300ml cold heavy cream or 2 packet whipped topping mix
3/4 cup cold milk
2 tbsp sugar
150 gm white marshmallows
3 cup icing sugar
2tbsp softened butter
Preheat oven to 360 degrees F (190 degrees C). Grease and line one 13*9inch cake pan and line the bottom of pan with parchment or wax paper.
In a bowl, sift the cake flour, sugar, salt, baking powder and lemon zest.
In a clean mixing bowl, add egg and all the liquid ingredients and mix well.
Now mix dry and liquid ingredients together and whisk until well combined.
Pour into your pan, smoothing the top. Bake for about 35 minutes or until a toothpick inserted into the center comes out clean (cake starts to shrink from sides of pan). Cool on a metal rack before removing from pan.
In your mixing bowl place the heavy cream, vanilla extract, and sugar and stir to combine. Cover and chill the bowl and wire whisk in the refrigerator for at least 30 minutes, then beat the mixture just until stiff peaks form. (You can add some melted chocolate if you want chocolate flavor)
Or if you use powder whipped topping mix, then place 3/4 cup cold milk, 1 tsp vanilla essence with 2 packet powder in your mixing bowl. Then beat the mixture just until stiff peaks form.(5 min).
Take your cake and cut into two or three layers.
Take whipped cream and spread on the moistened cake.
Make your desired shape. I made a car.(see picture)
Grease microwave proof bowl and spatula with some butter.
Add marshmallows and water in the bowl and heat in the microwave for one minute.(or you can use double boiler)
Remove and stir constantly. Add 1 cup icing sugar and keep stirring.

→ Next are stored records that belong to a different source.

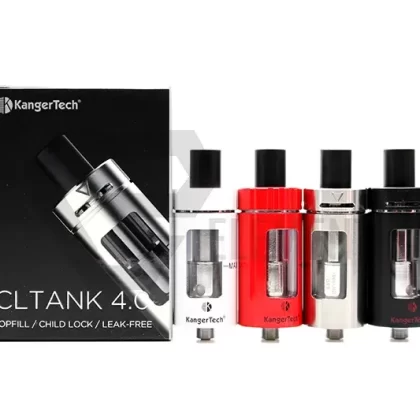 Kanger CL Tank 4.0 Sub-Ohm TC Tank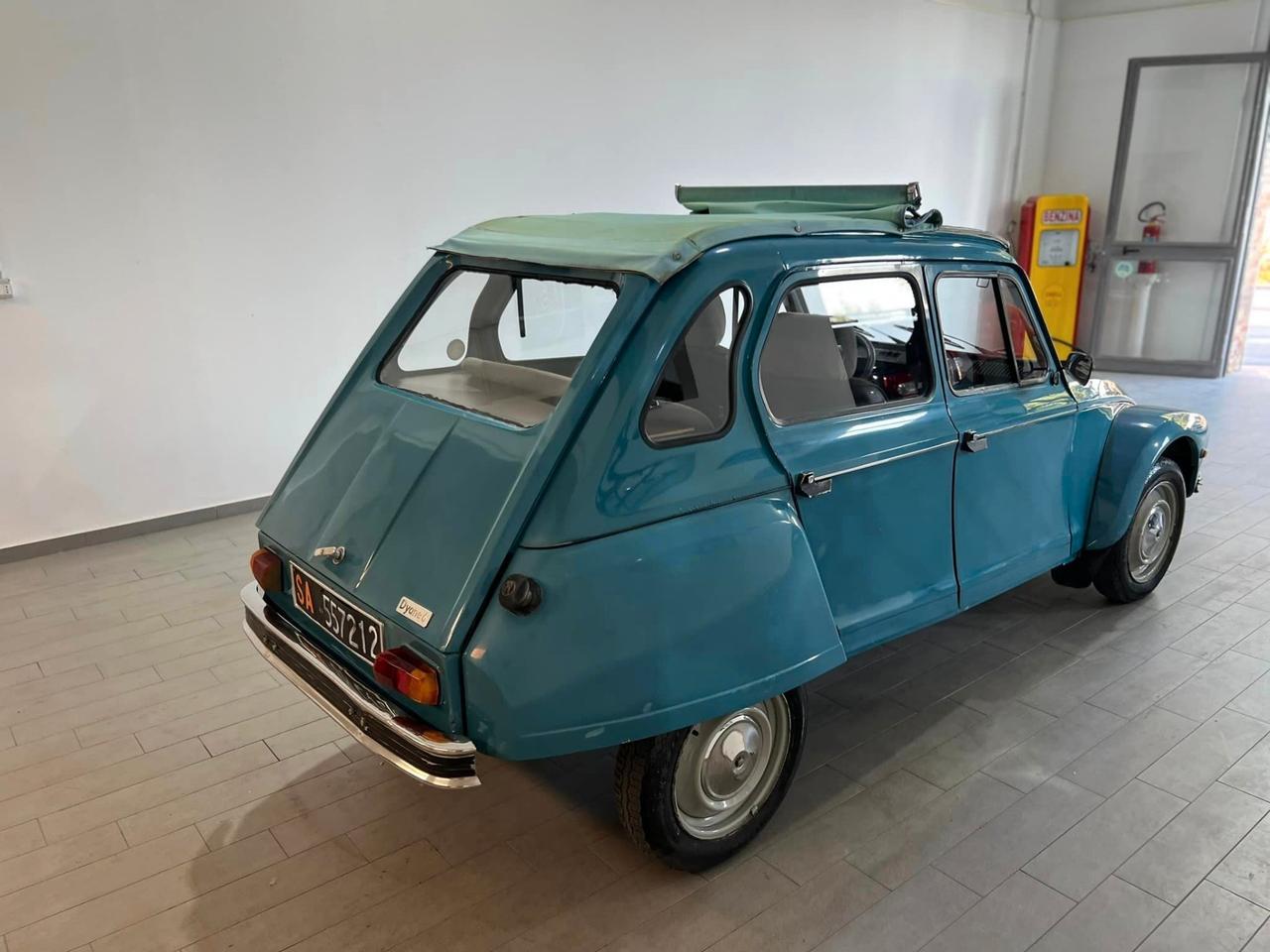 Citroen Dyane 6 32cv 600cc 1976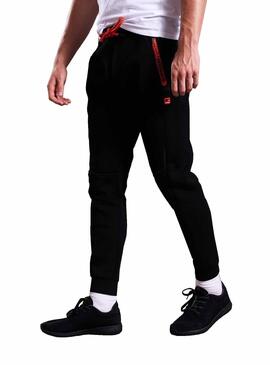Pantalon Superdry Joggers gym tech Noir Homme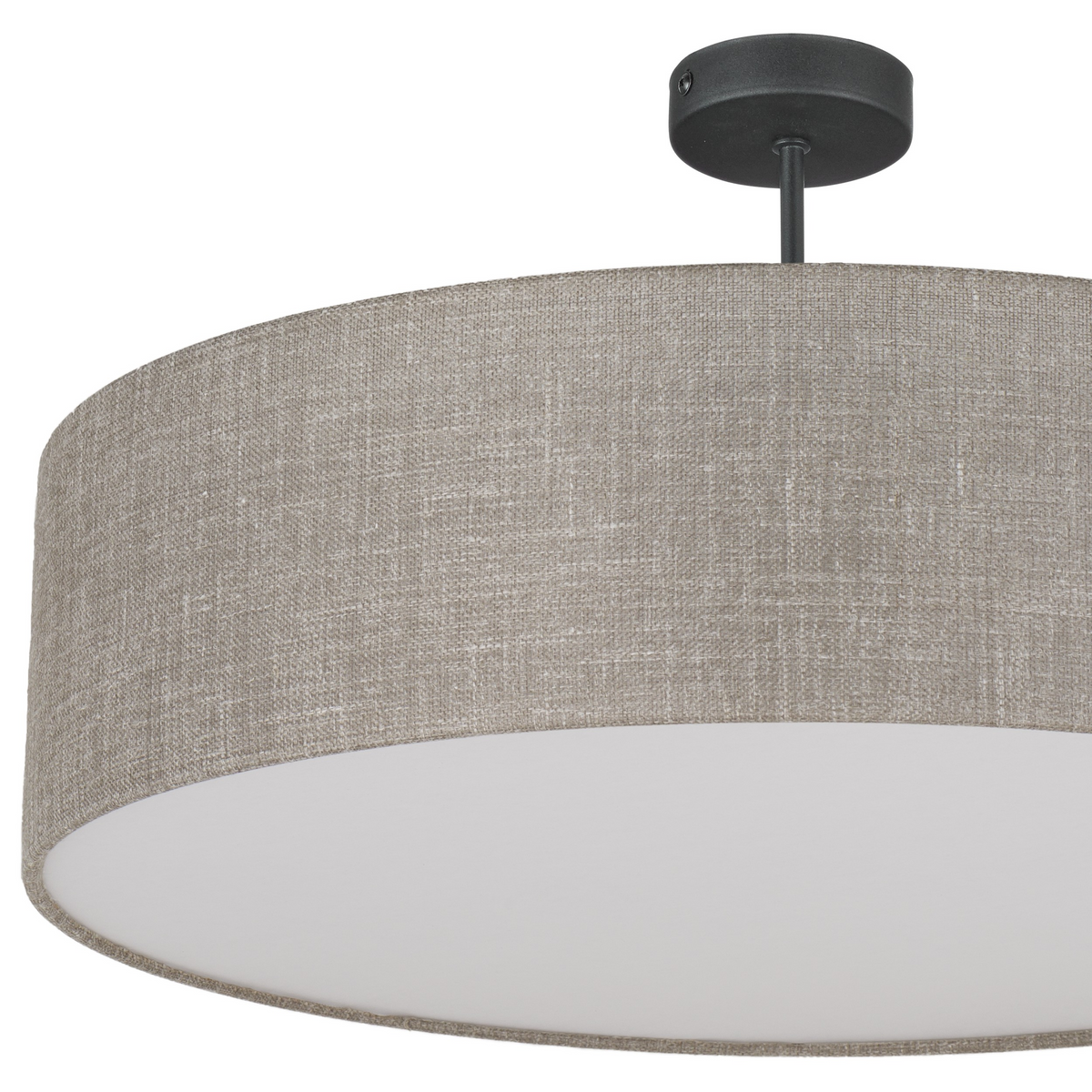 Plafonieră TK Lighting 4 600, in / negru, 6248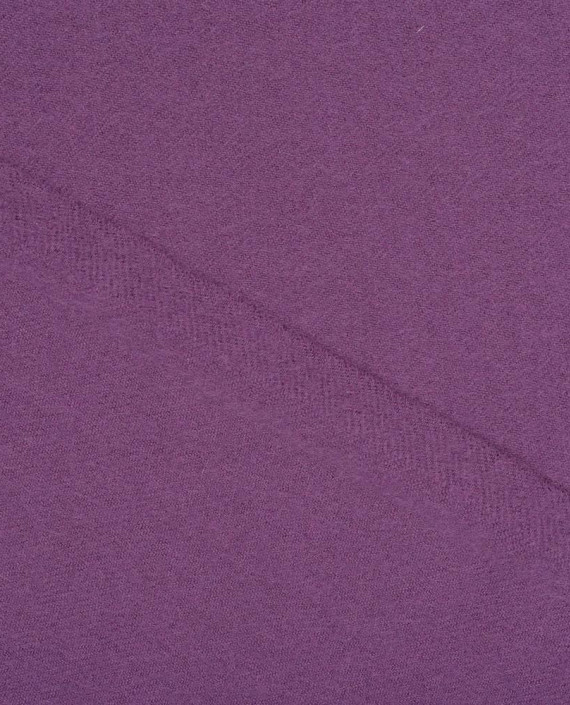 Шерсть костюмная 2764 цвет фиолетовый картинка 1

Grease your hand with butter and place the marshmallow into an icing sugar dusted surface.
Start kneading like you would bread dough. Add more icing sugar and continue kneading the fondant until it’s not coated in powdered sugar anymore and it becomes smooth.
Add some butter for smoothness. Let it rest for some hours.
Then roll it carefully and decorate your cake as you wish.